→ RAW DATA
---

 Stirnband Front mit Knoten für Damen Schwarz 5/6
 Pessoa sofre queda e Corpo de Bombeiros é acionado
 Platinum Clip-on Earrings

---

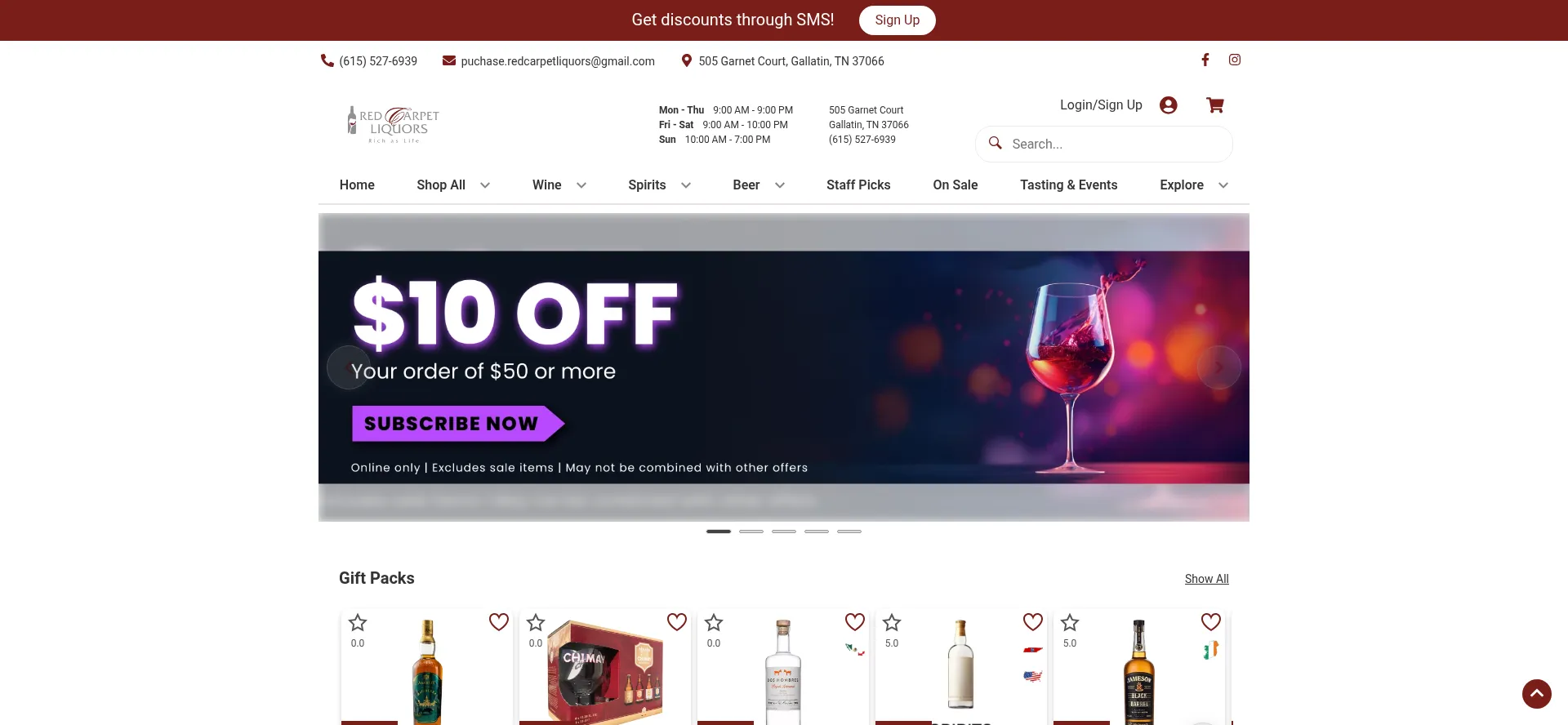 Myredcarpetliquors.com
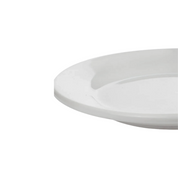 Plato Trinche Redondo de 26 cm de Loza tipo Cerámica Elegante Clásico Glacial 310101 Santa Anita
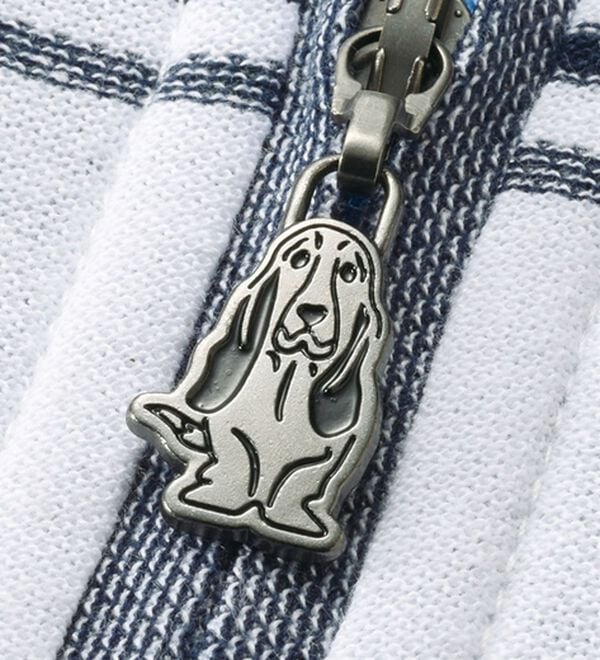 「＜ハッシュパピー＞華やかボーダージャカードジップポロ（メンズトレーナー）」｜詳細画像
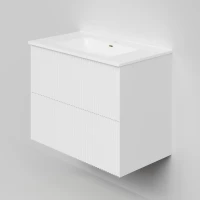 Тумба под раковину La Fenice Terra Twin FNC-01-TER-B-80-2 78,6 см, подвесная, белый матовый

---

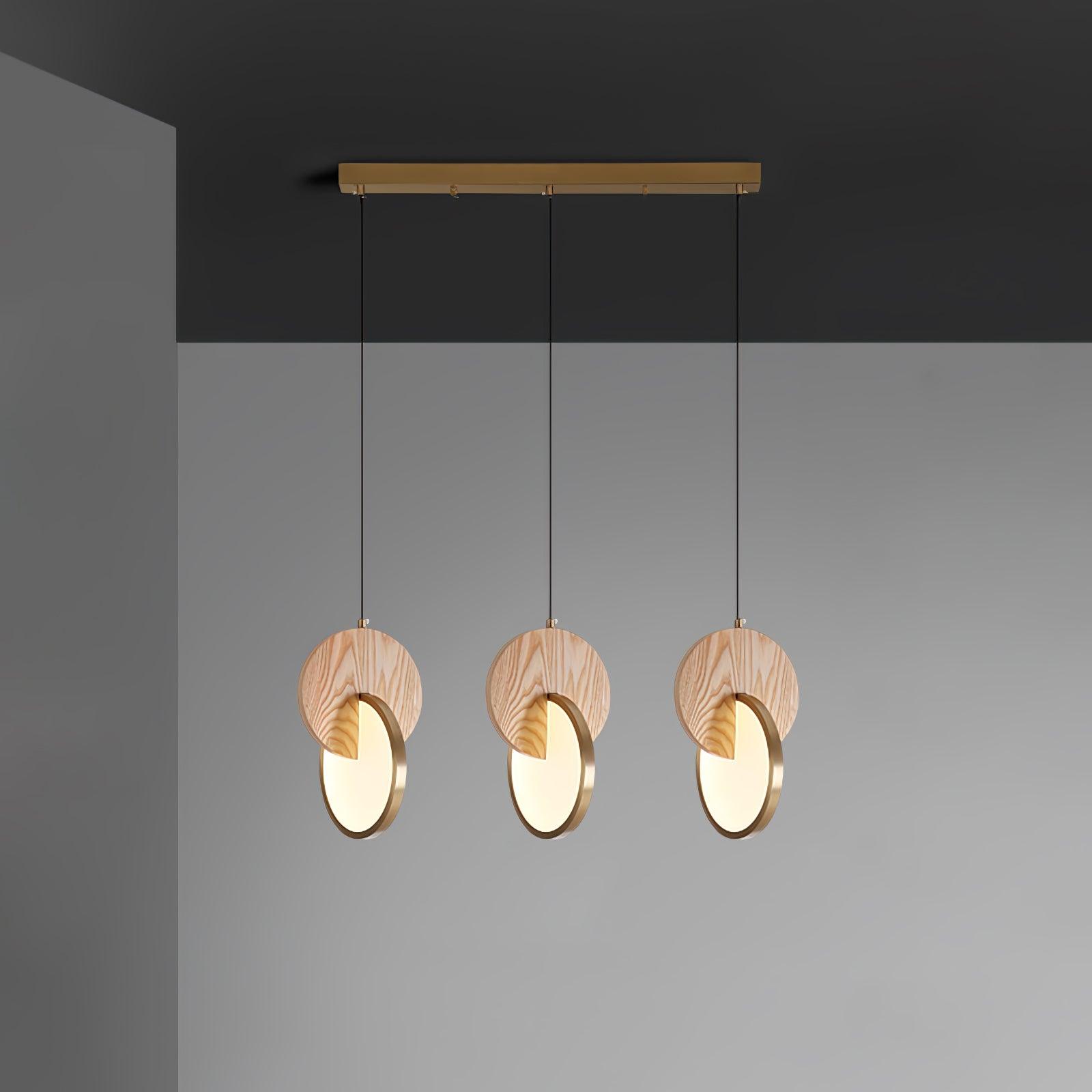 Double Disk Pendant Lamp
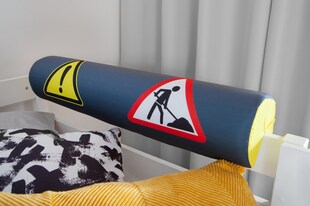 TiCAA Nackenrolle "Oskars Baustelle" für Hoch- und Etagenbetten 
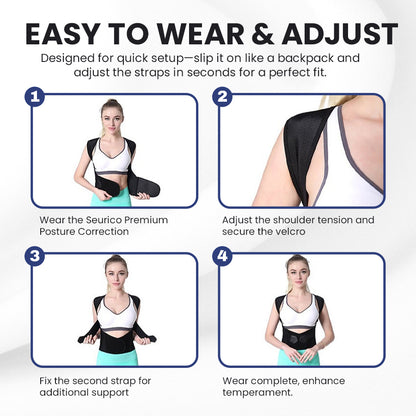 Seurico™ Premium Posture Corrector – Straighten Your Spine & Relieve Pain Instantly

---

→ WHAT TO DO
Only the lines above from the one with "Myredcarpetliquors.com" to the one with "Тумба под раковину" should be printed, both included and exactly as written; no picture belongs in the copy.

→ RESPONSE AREA
 Myredcarpetliquors.com
 Plato Trinche Redondo de 26 cm de Loza tipo Cerámica Elegante Clásico Glacial 310101 Santa Anita
 「＜ハッシュパピー＞華やかボーダージャカードジップポロ（メンズトレーナー）」｜詳細画像
 Тумба под раковину La Fenice Terra Twin FNC-01-TER-B-80-2 78,6 см, подвесная, белый матовый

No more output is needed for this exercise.